Work to complete:
Would you repeat word for word the lines of the listing that follows, from the one with "VEJA VEJA Sneaker V-10 PRIME" up to and including the one with "Carrie Sampron, Agent in Highlands Ranch, CO", and leave out the images?

Source material:
***

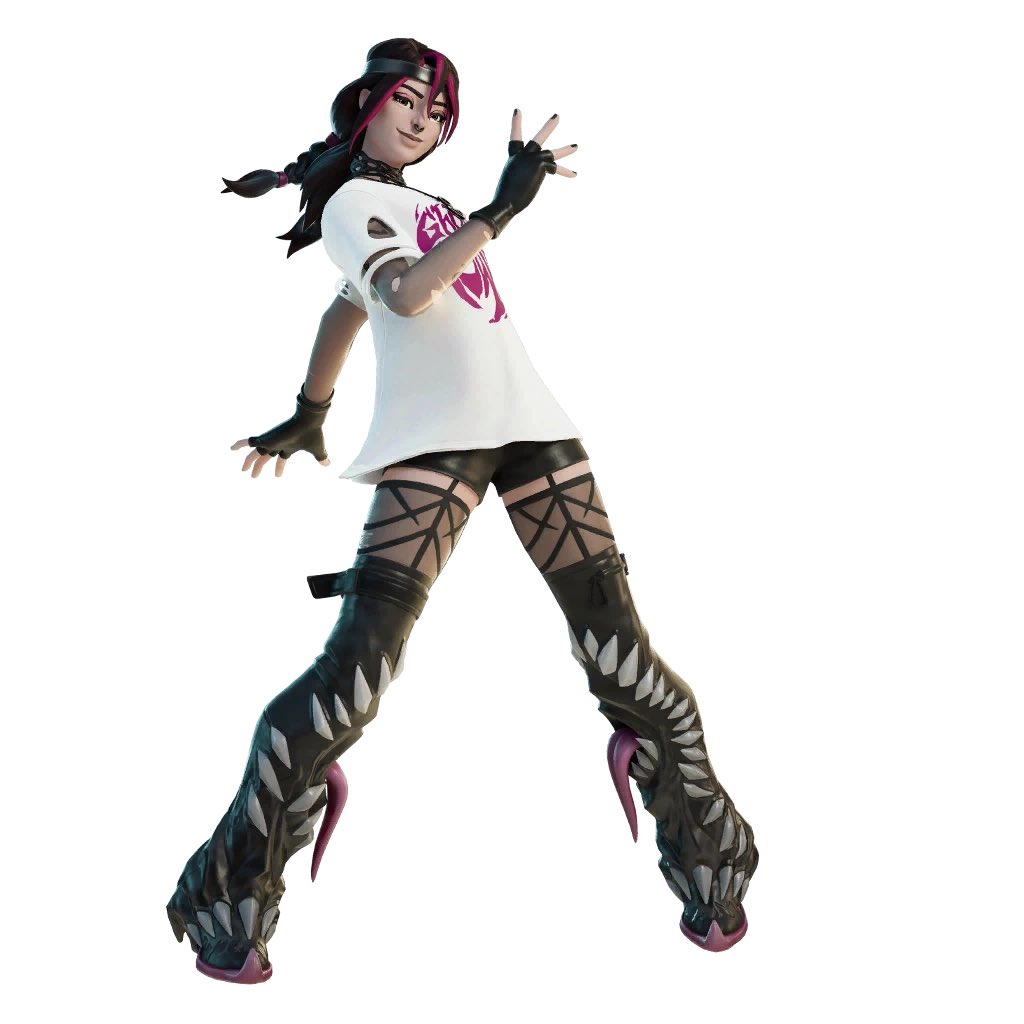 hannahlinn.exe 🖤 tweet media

***

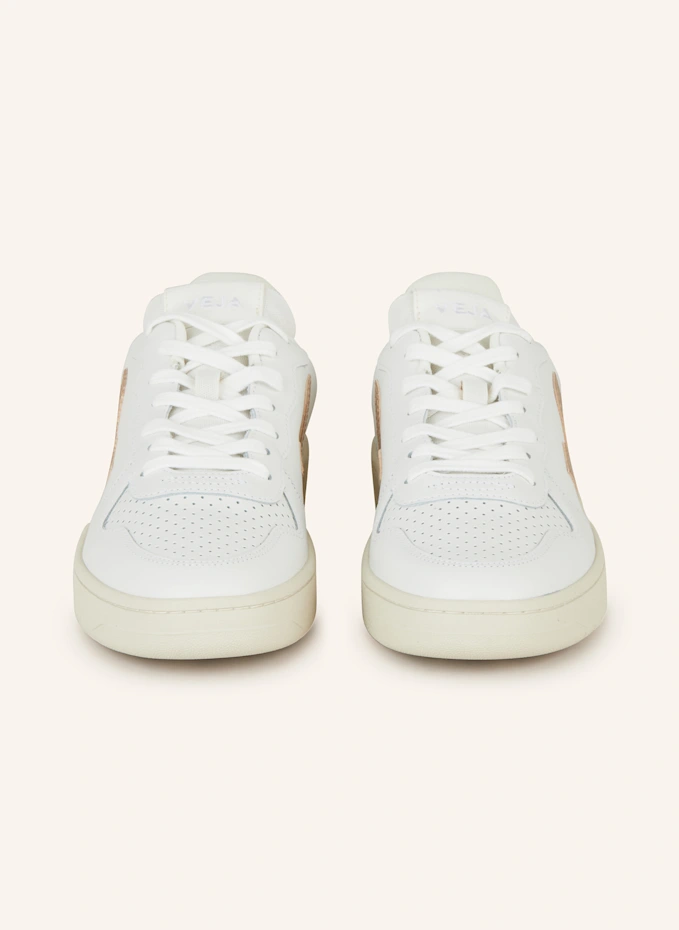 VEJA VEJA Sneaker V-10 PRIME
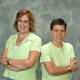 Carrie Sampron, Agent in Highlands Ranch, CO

***

Solution to the exercise:
 VEJA VEJA Sneaker V-10 PRIME
 Carrie Sampron, Agent in Highlands Ranch, CO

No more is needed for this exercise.